Take the entries below and print, exactly, the stretch from the line containing "Bán nguyên căn" through the line containing "Used Left front", both included.

**SOURCE MATERIAL:**
----------

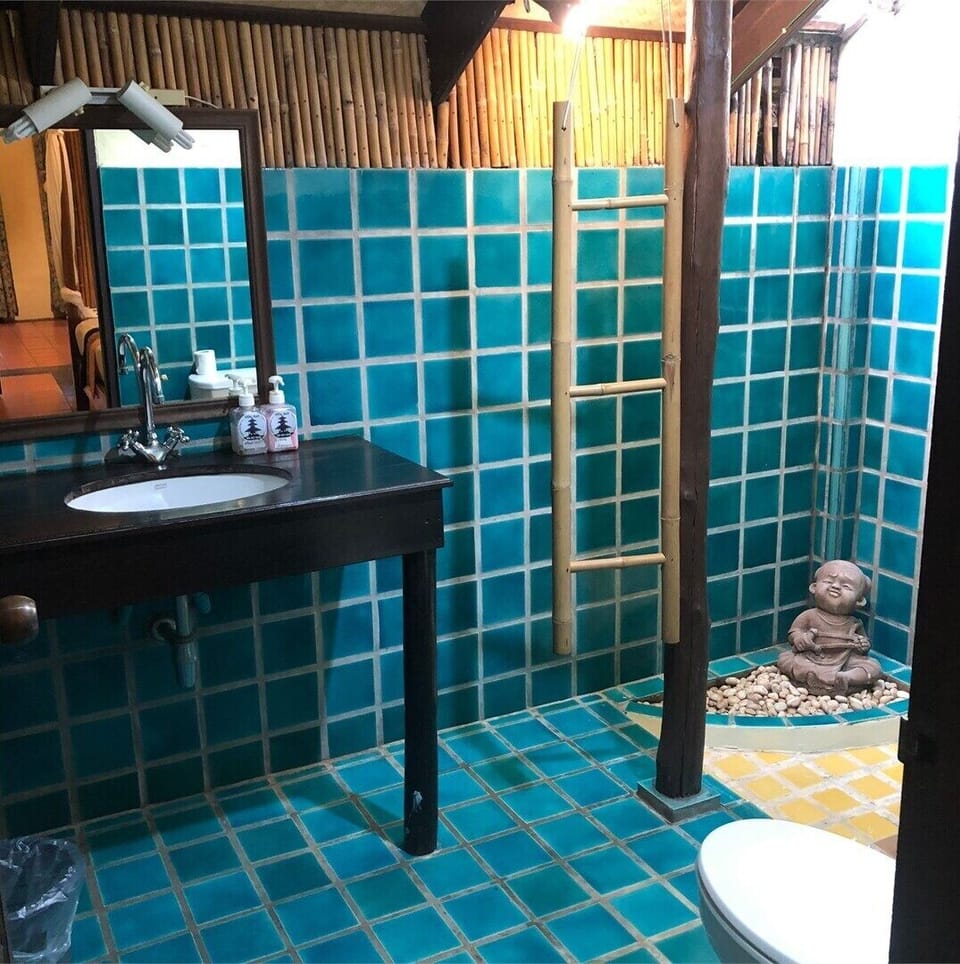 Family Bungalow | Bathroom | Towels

----------

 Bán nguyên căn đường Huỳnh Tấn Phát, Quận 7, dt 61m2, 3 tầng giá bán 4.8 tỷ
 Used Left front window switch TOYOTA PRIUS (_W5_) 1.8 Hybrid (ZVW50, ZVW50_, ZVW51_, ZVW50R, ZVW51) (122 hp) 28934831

----------

**TASK SOLUTION:**
 Bán nguyên căn đường Huỳnh Tấn Phát, Quận 7, dt 61m2, 3 tầng giá bán 4.8 tỷ
 Used Left front window switch TOYOTA PRIUS (_W5_) 1.8 Hybrid (ZVW50, ZVW50_, ZVW51_, ZVW50R, ZVW51) (122 hp) 28934831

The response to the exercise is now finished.